Getting that last notch on the belt could be what puts Crosby into the Hall of Fame. We’ll have to wait and see.
The bad part of All-Star weekend for Penguins fans was when Evgeni Malkin was left off the NHL’s list of the top 100 players of all-time. Malkin has a Hart Trophy, two Hart runner-up finishes, a Conn Smythe Trophy, two Stanley Cups and is 14th all-time in points per game. It’s incredible that a list of so-called experts left Malkin off and thought Mike Gartner was more deserving.
If you’d like to read a top 100 list that’s written by three hockey writers that understand Malkin’s greatness and are OK with a few typos, you can pick up an e-book that will satisfy that urge.
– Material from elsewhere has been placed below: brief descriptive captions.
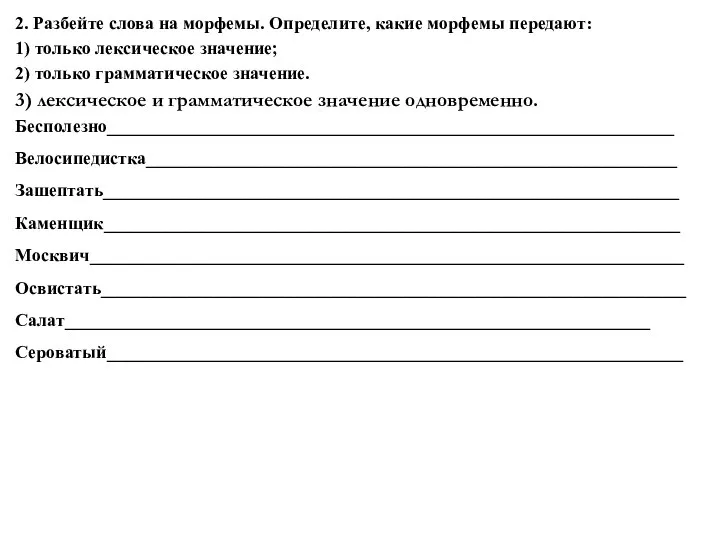 2. Разбейте слова на морфемы. Определите, какие морфемы пе­редают: 1) только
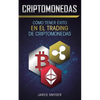 Criptomonedas: Cómo Tener Exito En El Trading De Criptomonedas - Paperback
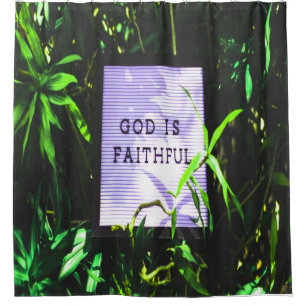 God is Faithful Christian Inspirational Shower Curtain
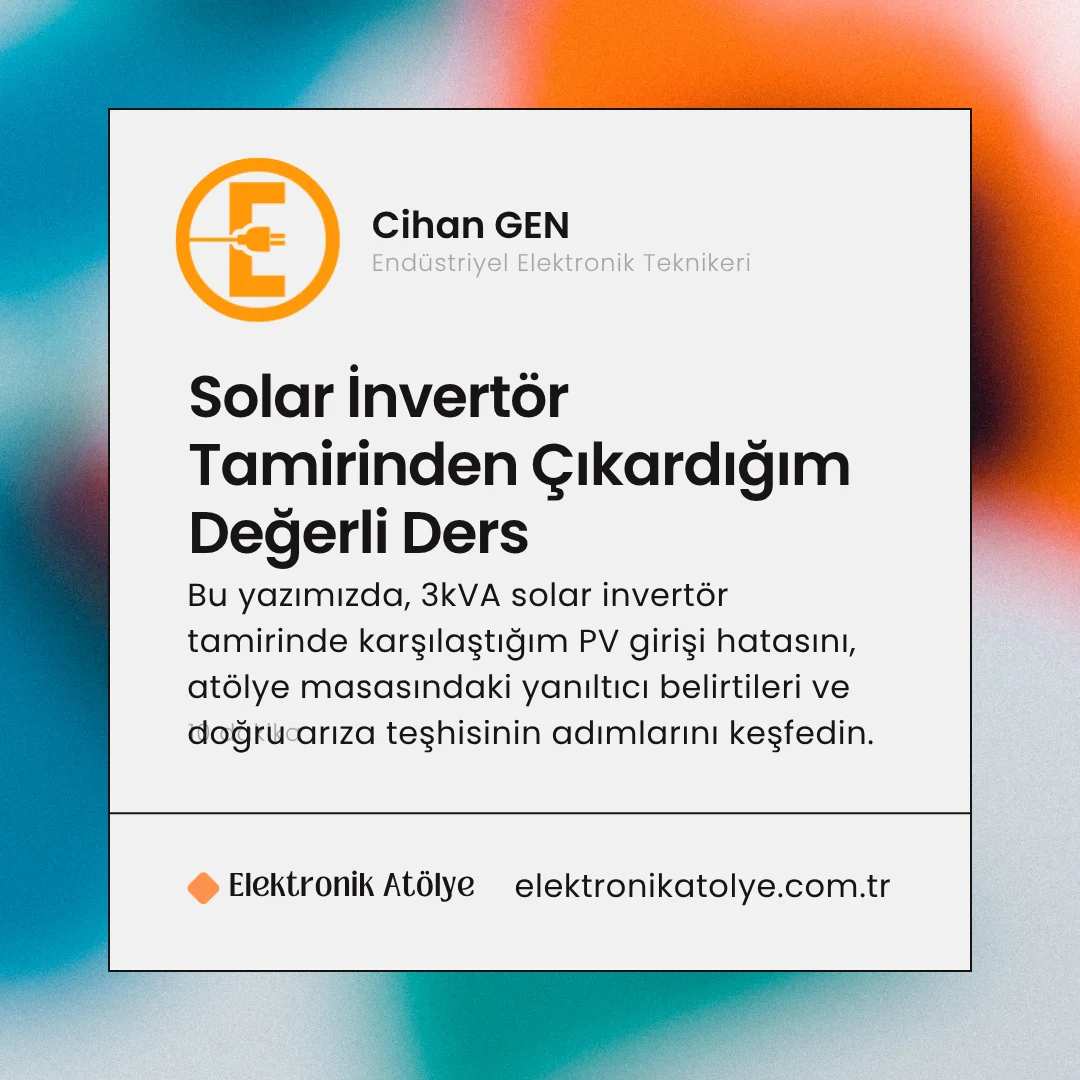3kVA Solar İnvertör Tamirinde İşlemci Kısa Devresi ve Arıza Tespiti
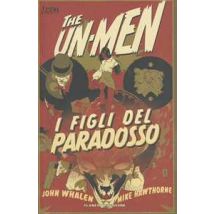 I figli del paradosso. The Un-Men. Vol. 2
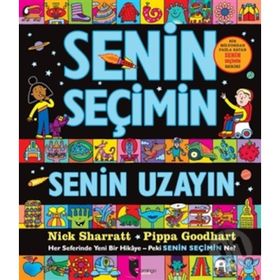 Senin Seçimin Senin Uzayın - Pippa Goodhart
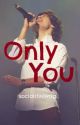 Only You by socialifeswag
It’s super cheap, the players are ranked (unlike the NHL’s list) and there are bonus lists in there. (Editor’s note: Dave, if it’s an e-book, and you know there are typos can’t you just go back and fix th—)
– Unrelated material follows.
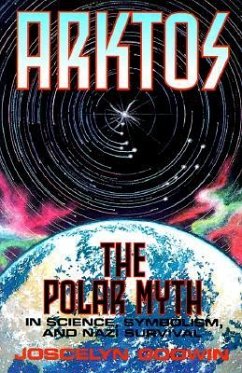Arktos: The Polar Myth in Science, Symbolism & Nazi Survival - Godwin, Joscelyn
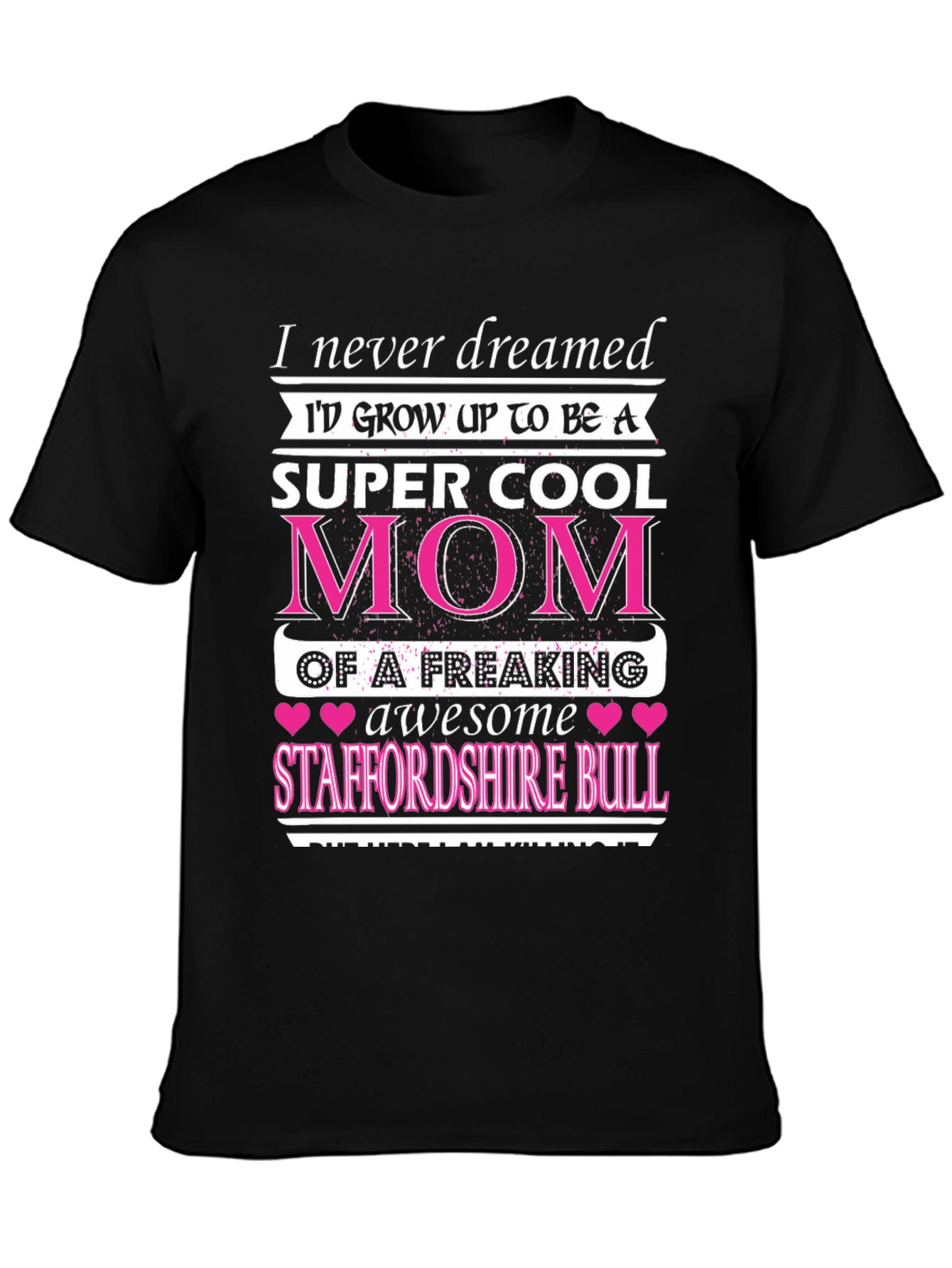 Super Cool Mom Staffordshire Bull T-Shirt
That’s the past — the future is Friday, when the Penguins and Columbus Blue Jackets meet in a battle for NHL supremacy. Or at least second place in the Metro.
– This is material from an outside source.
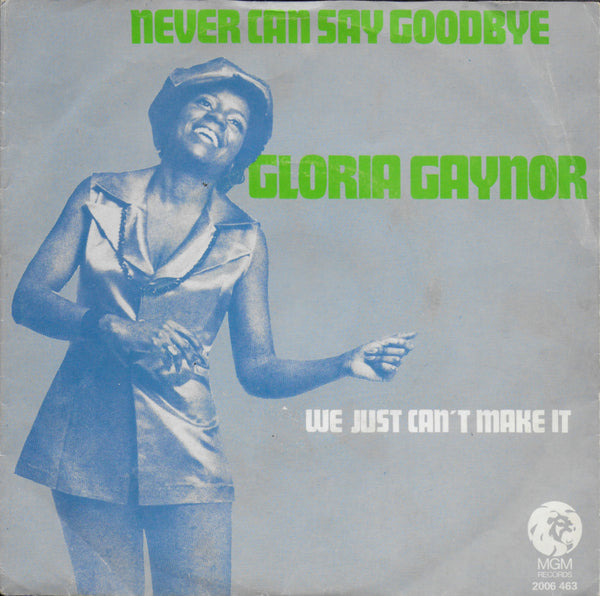 Gloria Gaynor - Never can say goodbye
The Blue Jackets have 70 points; the Penguins have 67 after 49 games, as both teams finished their last 10 at 5-5-0, while the Washington Capitals have 72 points in 50 games after a recent 7-2-1 run. The division is still super tight and now with less than 35 games remaining, a Blue Jackets regulation win would do wonders for their chances of hosting a potential first-round series against the Penguins.
There is no shortage of great images and videos featuring Penguins from All-Star weekend but this feels like the best of them.
Mario Lemieux. Ron Francis. Jaromir Jagr.
They are 2-5-8 on the NHL’s all-time scoring list. They were all named to the NHL’s Top 100 list, even if Francis doesn’t deserve it. Yeah, you heard me. He was never a first- or second-team NHL All-Star and never got higher than fifth in Hart voting. He was a product of playing with Mario and Jagr.
Fight me at your earliest possible convenience if you disagree.
One more tweet, if only to distract you from the fact that Francis isn’t a top 100 player and just compiled a lot of big numbers because his career was so long.
To me, the better caption is, “When you find out Jonathan Toews is a top 100 player but Evgeni Malkin is not.”
Player of the Week
It’s Patric Hornqvist, who had a goal in the Penguins’ 4-3 loss before the break and two goals in a 4-2 win against the Predators on Tuesday. Offense hasn’t been a problem for the Penguins this season, but it’s nice to see Hornqvist starting to put pucks in the net. He has four goals in his past four games and six points in his past six games.
Player of the Weak
Olli Maatta’s raw Corsi (even-strength shot attempt differential) the past two games — 37.7 percent. Coach Mike Sullivan dropped his ice time against the Predators to 14:59, the third-lowest mark of the season. Maatta will have highs and lows, partly because he’s dealt with injury and illness early in his career and partly because he’s a young defenseman.
He’s signed long term and healthy, so the Penguins will ride it out. But he needs to get better before the playoffs if the Penguins are to have a chance at a Stanley Cup. They’re a different team when Maatta is playing well and gets around 20 minutes a night.
You’re right to be terrified if everyone behind Kris Letang, Justin Schultz and Trevor Daley are bad. But they’re not. There are issues, though. To win a Stanley Cup, you need a high-end Maatta and Ian Cole to be steady. Ideally, you’d like to go:
But let’s say the trade deadline arrives and you’re still unsure about Maatta. He’s struggling, and you’re not certain if he’ll be peaking come playoff time. Do you bump everyone up on the left side and let Maatta play bottom-pairing minutes? Do you trust Schultz to be solid as a full-time top-four guy in the postseason? Because that’s not what he was last year.
You’d love to see the Penguins get a top-four, left-handed defenseman or even rent the right-handed Kevin Shattenkirk to solidify the right side of your defense if you can make the cap space work (which will be hard). But this group is fine with potential to get better. It needs to get better.
There’s no need to poop your pants about the Penguins defensemen until late-February, if at all.